What is it that the modern-day employee wants most from their job? Whether you’re a HR manager or a CEO, if you’re in a position to influence company culture and haven’t yet asked yourself this question then you’ve forgotten the most important ingredient in your company’s recipe for success – employee job satisfaction.
One of the most serious concerns of today’s businesses – perhaps particularly so for newer enterprises such as tech start-ups – is brain drain. Losing company talent causes disruption, can harm company morale and adversely affects innovation and creativity in an organisation as its top-performers leave for greener pastures.
A common mistake is to assume that high employee retention is a natural by-product of high salaries. While a healthy financial package may be enough to initially attract an employee to a company, it is rarely what keeps them there over the long term and is almost never what keeps them at their most engaged and productive.
So what does?
The answer is simple: job satisfaction. What’s a bit trickier is successfully combining the elements that help to achieve it.
One of the latest buzzwords (or buzz-terms, if you prefer!) being used as shorthand for this combination of elements is “Emotional salary”. While it might sound like something you’d expect to hear at a New Age retreat, it still does a good job of differentiating more deep-seated employee needs from purely financial incentives.
5 Ways to Improve Job Satisfaction?
There is a proven correlation between employee engagement and organisational performance. That’s what’s at stake for companies. Studies also show that countries with more engaged employees also have a lower mortality rate. That’s what’s at stake for a company’s employees.

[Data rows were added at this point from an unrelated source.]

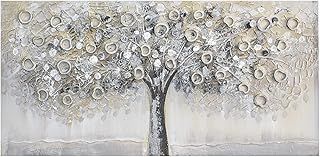 Home Selections Hand Painted Silver Tree 3D Wall Art - Large Modern Picture Ready to Hang - Silver Canvas 100x50cm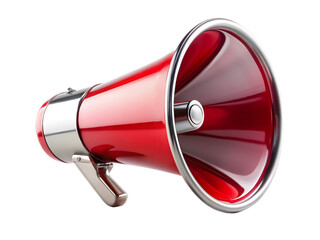Red and chrome megaphone isolated on transparent background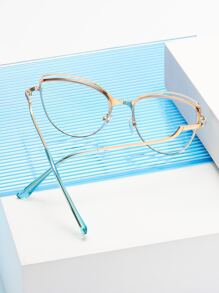 1副金属猫眼炫彩无度数眼镜，适合日常佩戴 - 淺藍色 - 查看 2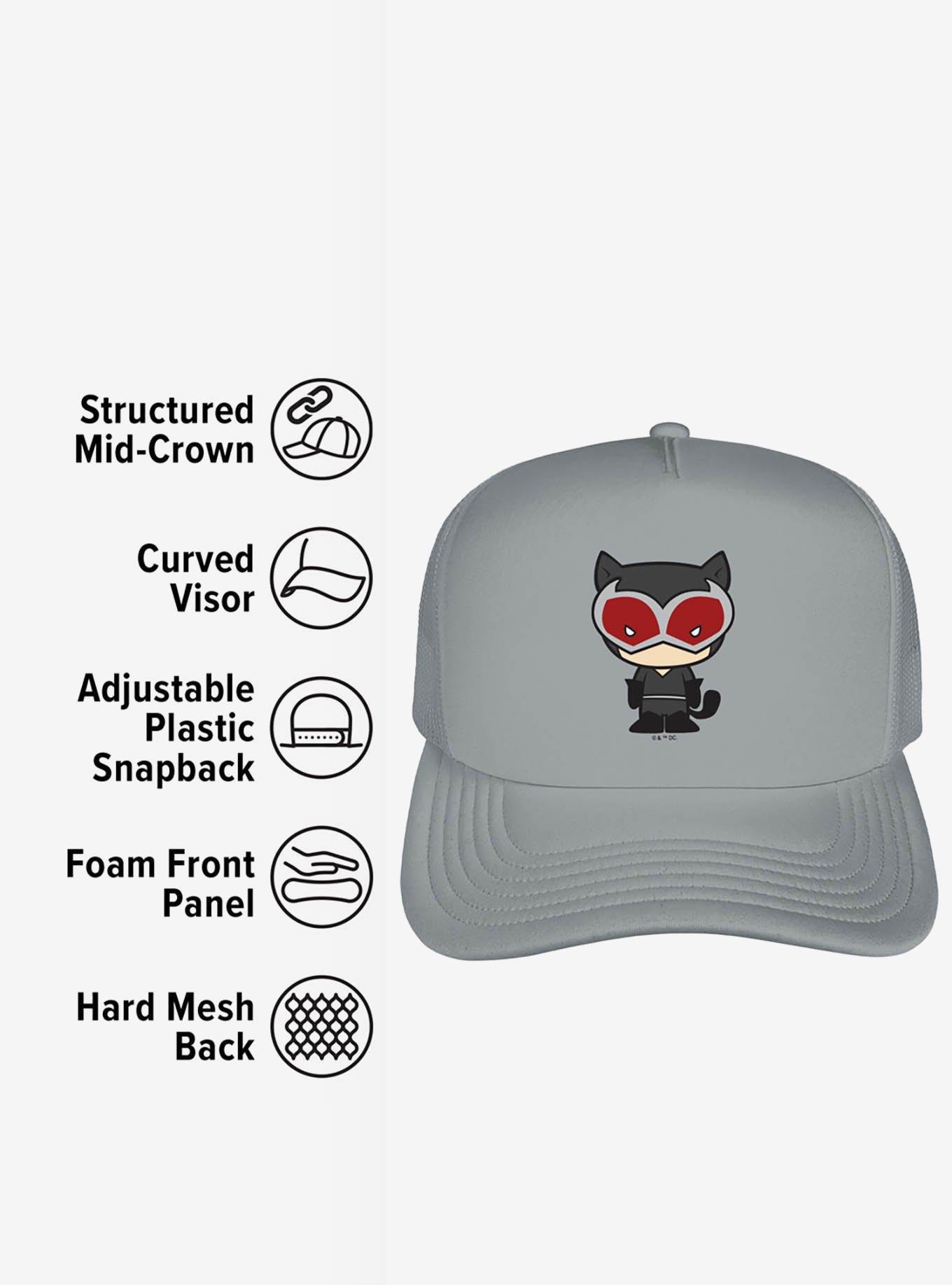 Batman Catwoman Cute Chibi Character Foam Trucker Hat, , alternate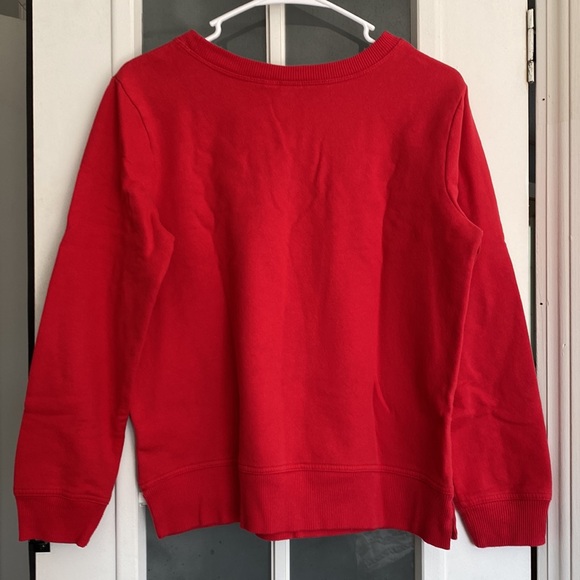 Gap women’s red cropped oversized sweatshirt with sparkly “Gap” lettering - Picture 3 of 6
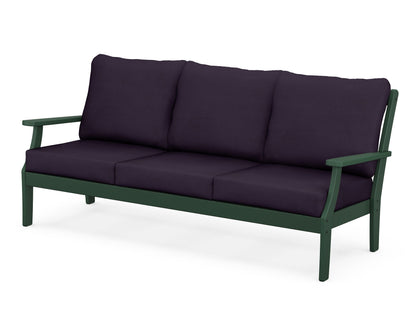 POLYWOOD® Braxton Deep Seating Sofa in Green / Navy Linen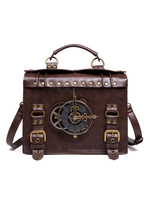 Steampunk Lolita Tasche Kaffee Braun PU Ledernieten Metall Details Umhängetasche Lolita Zubehör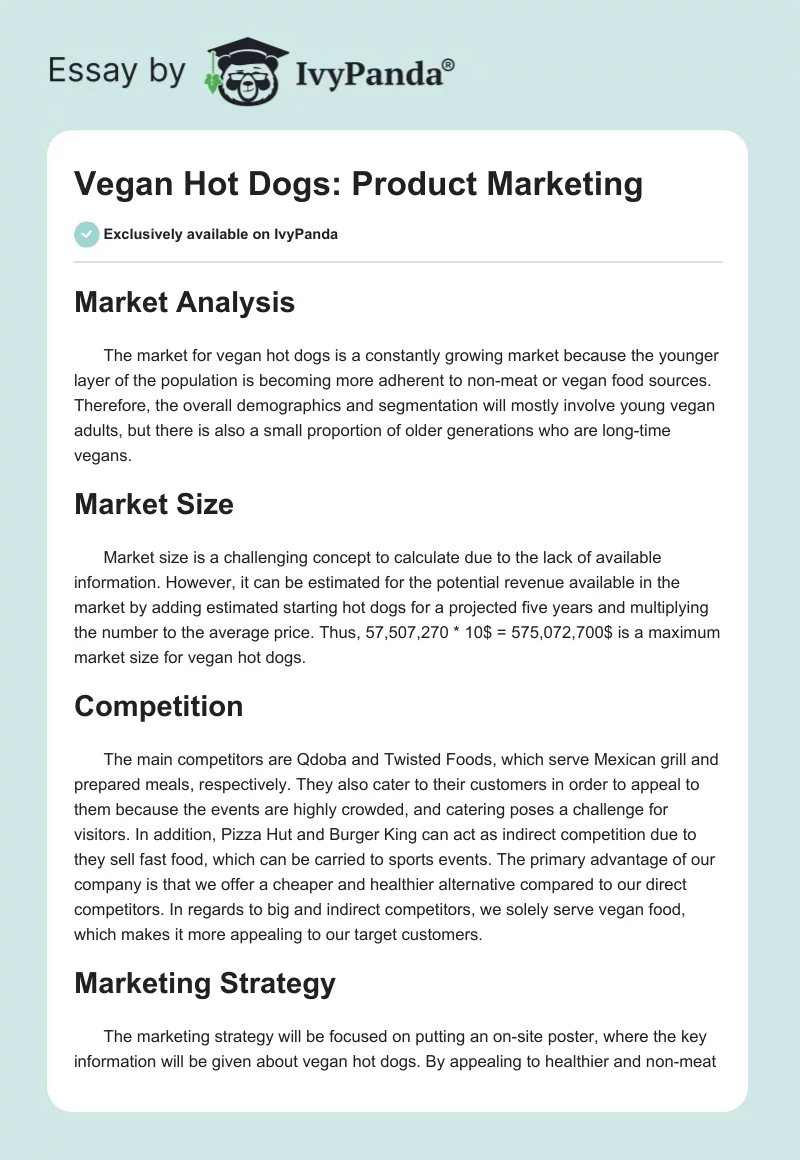 Vegan Hot Dogs: Product Marketing. Page 1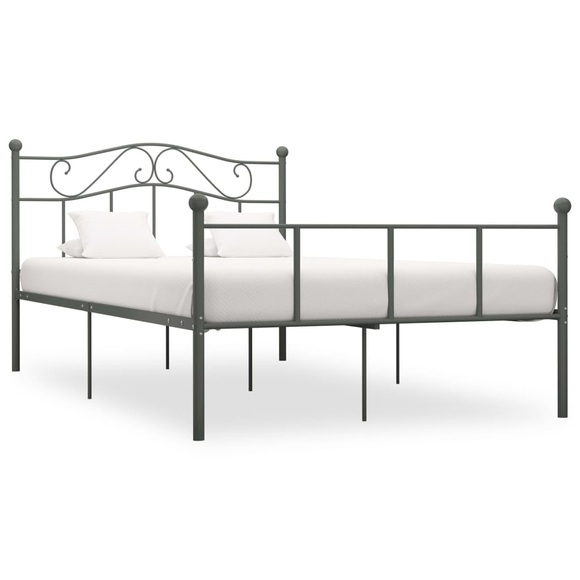 vidaXL Bettgestell Grau Metall 160×200 cm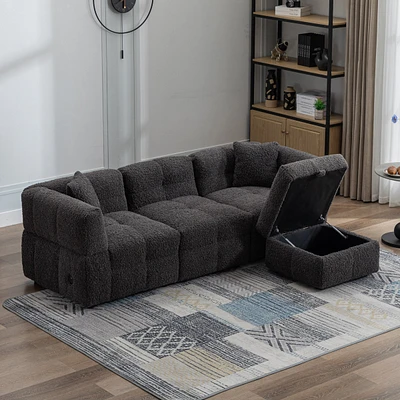 87.7" Sectional Sofa Cozy Teddy Fleece Fabric Sectional Sofa Couch With Two Usb Ports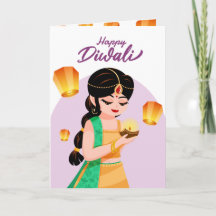 Personalisierte indische Mädchen-Diwali-Schwebe-La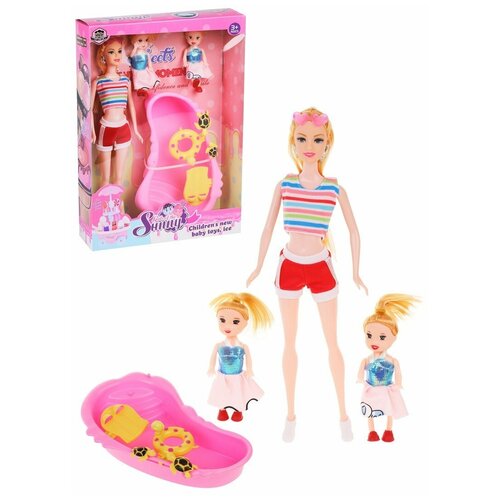 Набор кукол Наша Игрушка Счастливая семья, 3 шт, с аксессуарами (B010) куклы и одежда для кукол наша игрушка игровой набор счастливая семья b010
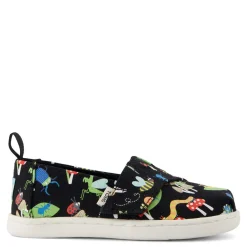 Toddler (3.5-10)*TOMS Girl's , Alpargata Tiny Classic Slip-On - Toddler Black / Glow In The Dark Bugs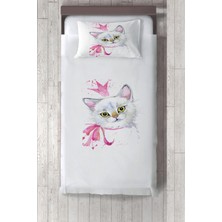 Talia Home  kedi Desenli Çocuk ve Bebek Odası Yatak Örtüsü TLAY-234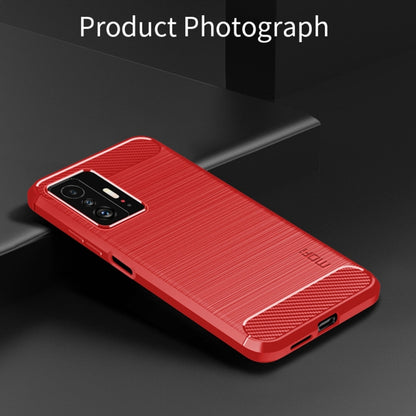 For Xiaomi Mi 11T / 11T Pro MOFI Gentleness Series Brushed Texture Carbon Fiber Soft TPU Phone Case(Red) - Xiaomi Cases by MOFI | Online Shopping South Africa | PMC Jewellery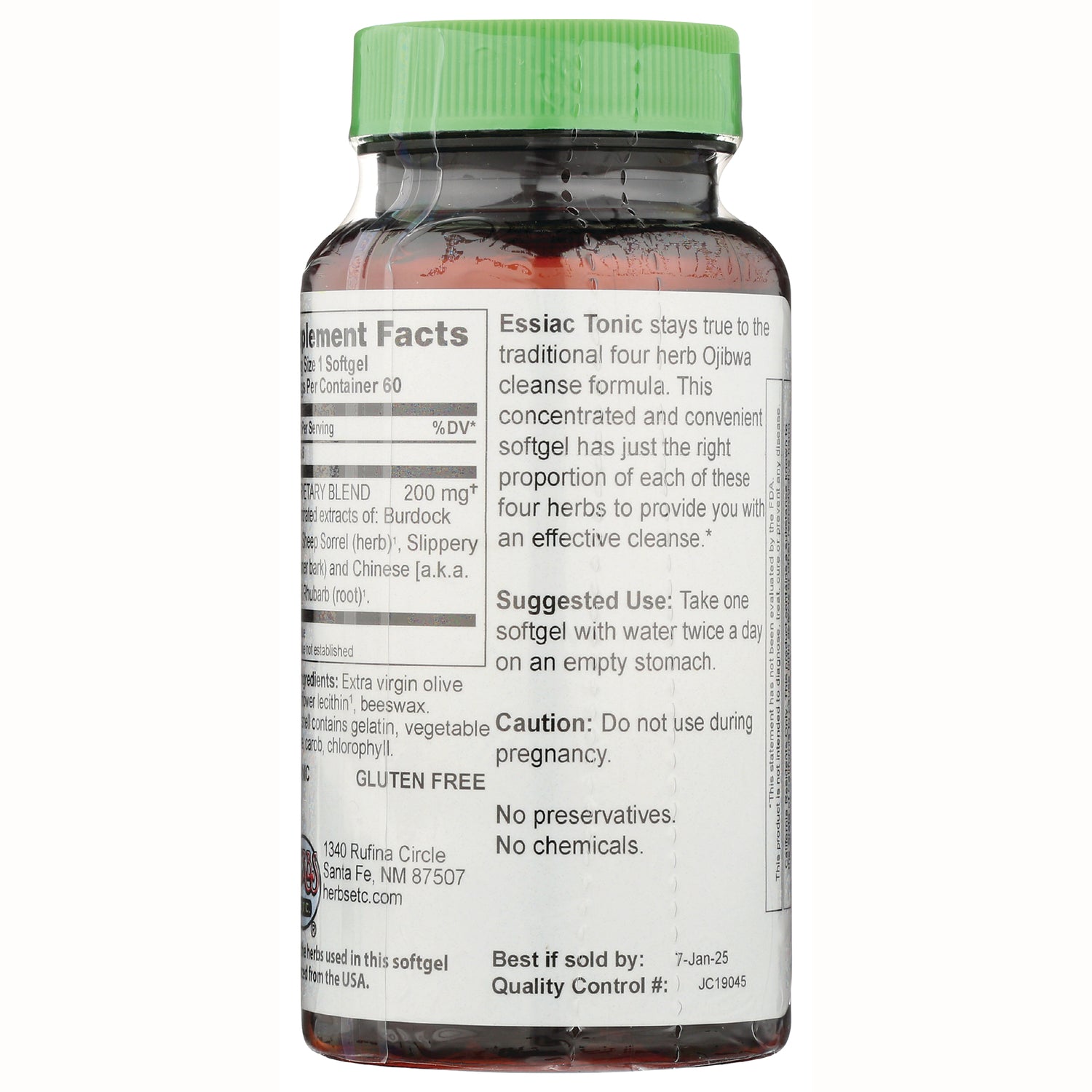HE107 | back label of amber supplement bottle showing supplement facts, suggested use, caution, and GLUTEN FREE text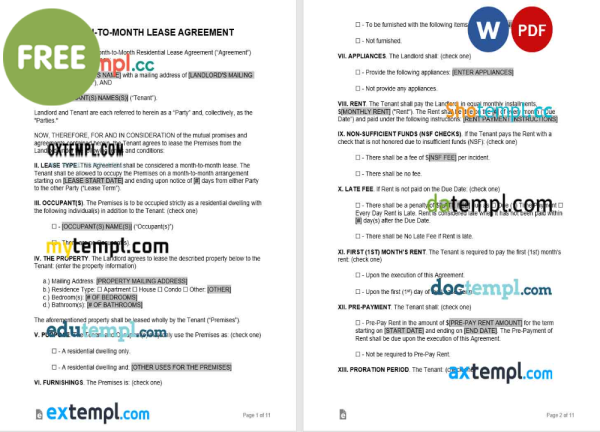 free month to month lease agreement template, Word and PDF format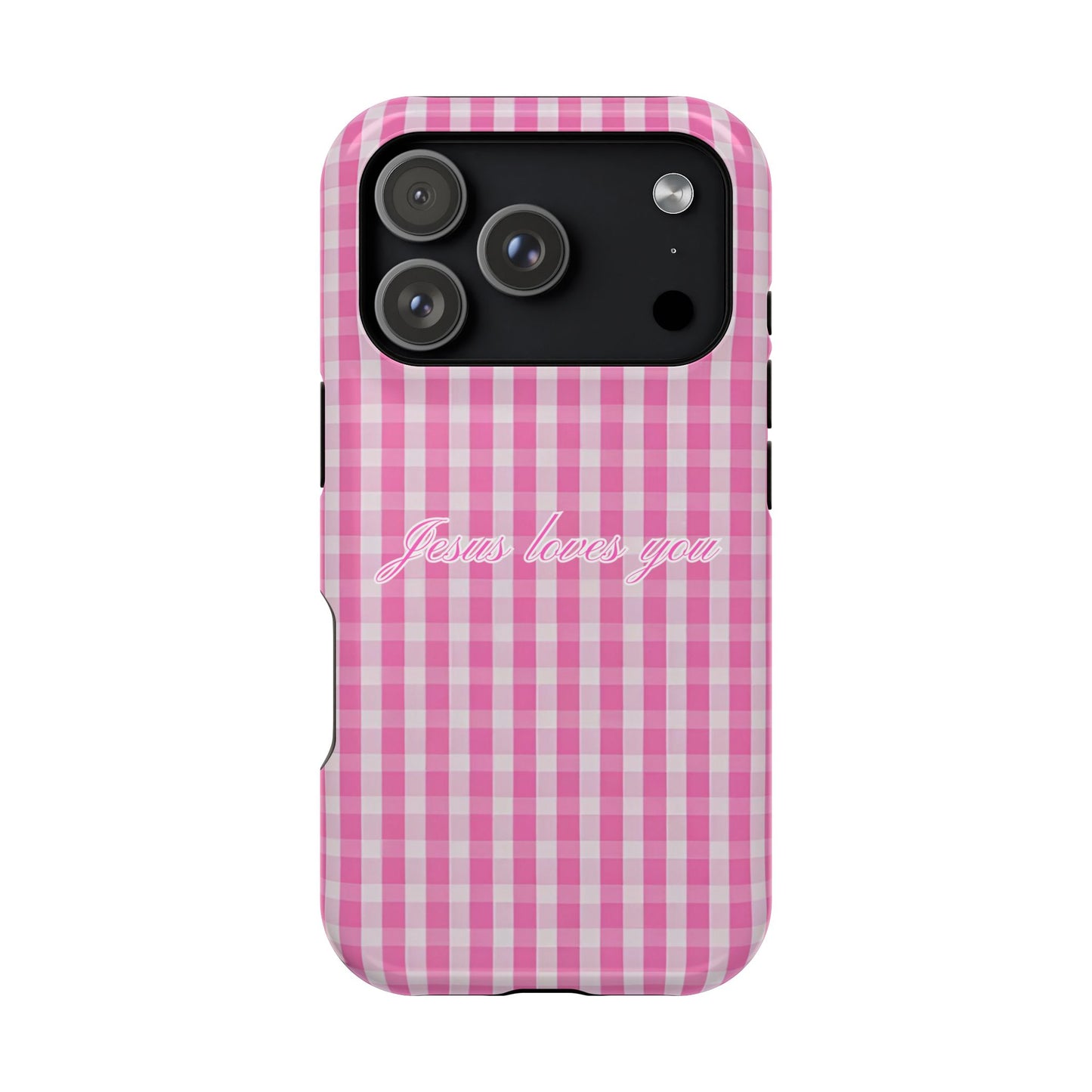 Jesus loves you Pink Gingham Phone Case MagSafe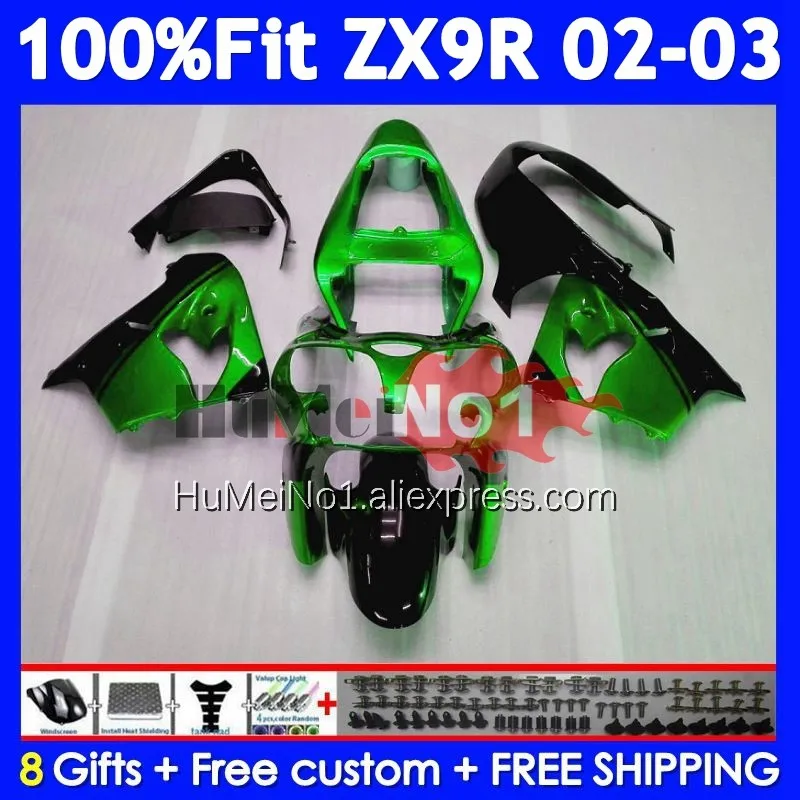 OEM Body For KAWASAKI NINJA ZX-9R ZX 9R 900 CC 9 R 215No.51 ZX900 ZX9 900CC ZX9R 02 03 2002 2003 Green black Injection Fairing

Emotional salary therefore refers to the different ways a company can affect a sense of wellbeing in employees and allow for greater personal and professional development and productivity. So let’s take a look at the 5 key areas:
1. A Clear Sense of Purpose
Everyone likes to feel wanted. Employees who are made to feel that their work is making a difference to their department, organisation or customers are more likely to stay motivated and enjoy what they do.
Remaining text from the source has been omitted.